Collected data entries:
★ ★ ★

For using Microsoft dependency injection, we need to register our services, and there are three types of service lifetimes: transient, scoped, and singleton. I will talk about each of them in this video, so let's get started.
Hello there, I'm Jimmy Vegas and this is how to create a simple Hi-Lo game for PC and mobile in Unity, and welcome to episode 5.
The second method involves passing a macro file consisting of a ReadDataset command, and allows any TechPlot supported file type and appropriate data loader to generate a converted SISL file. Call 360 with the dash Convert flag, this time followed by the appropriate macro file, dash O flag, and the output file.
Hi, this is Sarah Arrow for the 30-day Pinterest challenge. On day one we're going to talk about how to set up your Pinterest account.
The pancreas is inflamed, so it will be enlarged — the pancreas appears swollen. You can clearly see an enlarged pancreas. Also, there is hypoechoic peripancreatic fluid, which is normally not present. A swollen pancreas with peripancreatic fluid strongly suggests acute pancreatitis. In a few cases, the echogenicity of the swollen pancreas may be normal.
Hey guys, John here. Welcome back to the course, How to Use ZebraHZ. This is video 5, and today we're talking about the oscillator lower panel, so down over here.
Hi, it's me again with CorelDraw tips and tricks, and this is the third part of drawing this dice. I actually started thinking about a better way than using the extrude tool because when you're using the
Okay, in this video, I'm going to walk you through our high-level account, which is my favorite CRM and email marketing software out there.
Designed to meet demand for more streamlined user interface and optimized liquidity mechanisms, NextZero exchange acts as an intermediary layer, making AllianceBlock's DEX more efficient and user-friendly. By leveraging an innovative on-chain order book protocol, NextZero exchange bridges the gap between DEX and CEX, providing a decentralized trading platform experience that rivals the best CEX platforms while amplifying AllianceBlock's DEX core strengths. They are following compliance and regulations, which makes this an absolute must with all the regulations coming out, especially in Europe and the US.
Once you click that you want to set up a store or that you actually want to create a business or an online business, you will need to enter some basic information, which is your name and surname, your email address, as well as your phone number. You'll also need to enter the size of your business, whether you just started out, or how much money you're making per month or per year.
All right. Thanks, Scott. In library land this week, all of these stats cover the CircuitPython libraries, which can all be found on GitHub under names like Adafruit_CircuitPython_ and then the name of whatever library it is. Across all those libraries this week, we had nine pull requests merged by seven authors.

★ ★ ★

*EXERCISE REQUIREMENTS*: Repeat all of the records verbatim, leaving nothing out.

*OUTPUT*:
For using Microsoft dependency injection, we need to register our services, and there are three types of service lifetimes: transient, scoped, and singleton. I will talk about each of them in this video, so let's get started.
Hello there, I'm Jimmy Vegas and this is how to create a simple Hi-Lo game for PC and mobile in Unity, and welcome to episode 5.
The second method involves passing a macro file consisting of a ReadDataset command, and allows any TechPlot supported file type and appropriate data loader to generate a converted SISL file. Call 360 with the dash Convert flag, this time followed by the appropriate macro file, dash O flag, and the output file.
Hi, this is Sarah Arrow for the 30-day Pinterest challenge. On day one we're going to talk about how to set up your Pinterest account.
The pancreas is inflamed, so it will be enlarged — the pancreas appears swollen. You can clearly see an enlarged pancreas. Also, there is hypoechoic peripancreatic fluid, which is normally not present. A swollen pancreas with peripancreatic fluid strongly suggests acute pancreatitis. In a few cases, the echogenicity of the swollen pancreas may be normal.
Hey guys, John here. Welcome back to the course, How to Use ZebraHZ. This is video 5, and today we're talking about the oscillator lower panel, so down over here.
Hi, it's me again with CorelDraw tips and tricks, and this is the third part of drawing this dice. I actually started thinking about a better way than using the extrude tool because when you're using the
Okay, in this video, I'm going to walk you through our high-level account, which is my favorite CRM and email marketing software out there.
Designed to meet demand for more streamlined user interface and optimized liquidity mechanisms, NextZero exchange acts as an intermediary layer, making AllianceBlock's DEX more efficient and user-friendly. By leveraging an innovative on-chain order book protocol, NextZero exchange bridges the gap between DEX and CEX, providing a decentralized trading platform experience that rivals the best CEX platforms while amplifying AllianceBlock's DEX core strengths. They are following compliance and regulations, which makes this an absolute must with all the regulations coming out, especially in Europe and the US.
Once you click that you want to set up a store or that you actually want to create a business or an online business, you will need to enter some basic information, which is your name and surname, your email address, as well as your phone number. You'll also need to enter the size of your business, whether you just started out, or how much money you're making per month or per year.
All right. Thanks, Scott. In library land this week, all of these stats cover the CircuitPython libraries, which can all be found on GitHub under names like Adafruit_CircuitPython_ and then the name of whatever library it is. Across all those libraries this week, we had nine pull requests merged by seven authors.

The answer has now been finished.